▸ **About this exercise**:
In the entries that follow, the lines from the one with "ストッケ　トリップ トラップ" through the one with "8 Bed En-suite - Photo 1" are the ones to write out, exactly and with both ends included. Nothing else should appear.
=== Data provided ===
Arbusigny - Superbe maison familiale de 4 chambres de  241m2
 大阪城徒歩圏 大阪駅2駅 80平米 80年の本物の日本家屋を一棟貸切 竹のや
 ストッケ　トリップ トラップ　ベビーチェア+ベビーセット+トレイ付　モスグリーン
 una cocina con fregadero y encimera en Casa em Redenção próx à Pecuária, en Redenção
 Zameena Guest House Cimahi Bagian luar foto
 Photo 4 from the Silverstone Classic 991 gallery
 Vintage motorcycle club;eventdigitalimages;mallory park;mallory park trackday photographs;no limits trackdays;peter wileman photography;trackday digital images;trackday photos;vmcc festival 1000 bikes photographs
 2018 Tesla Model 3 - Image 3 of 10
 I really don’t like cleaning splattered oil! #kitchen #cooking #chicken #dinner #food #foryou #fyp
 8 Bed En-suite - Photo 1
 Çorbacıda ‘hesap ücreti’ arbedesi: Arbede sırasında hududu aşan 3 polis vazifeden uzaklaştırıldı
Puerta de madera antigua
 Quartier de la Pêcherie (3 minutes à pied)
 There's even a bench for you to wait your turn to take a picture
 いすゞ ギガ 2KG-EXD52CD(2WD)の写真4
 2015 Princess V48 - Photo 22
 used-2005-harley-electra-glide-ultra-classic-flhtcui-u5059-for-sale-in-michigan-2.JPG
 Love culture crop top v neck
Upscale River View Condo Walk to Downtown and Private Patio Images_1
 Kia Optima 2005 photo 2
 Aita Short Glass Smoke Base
===
▸ **Your solution**:
 ストッケ　トリップ トラップ　ベビーチェア+ベビーセット+トレイ付　モスグリーン
 una cocina con fregadero y encimera en Casa em Redenção próx à Pecuária, en Redenção
 Zameena Guest House Cimahi Bagian luar foto
 Photo 4 from the Silverstone Classic 991 gallery
 Vintage motorcycle club;eventdigitalimages;mallory park;mallory park trackday photographs;no limits trackdays;peter wileman photography;trackday digital images;trackday photos;vmcc festival 1000 bikes photographs
 2018 Tesla Model 3 - Image 3 of 10
 I really don’t like cleaning splattered oil! #kitchen #cooking #chicken #dinner #food #foryou #fyp
 8 Bed En-suite - Photo 1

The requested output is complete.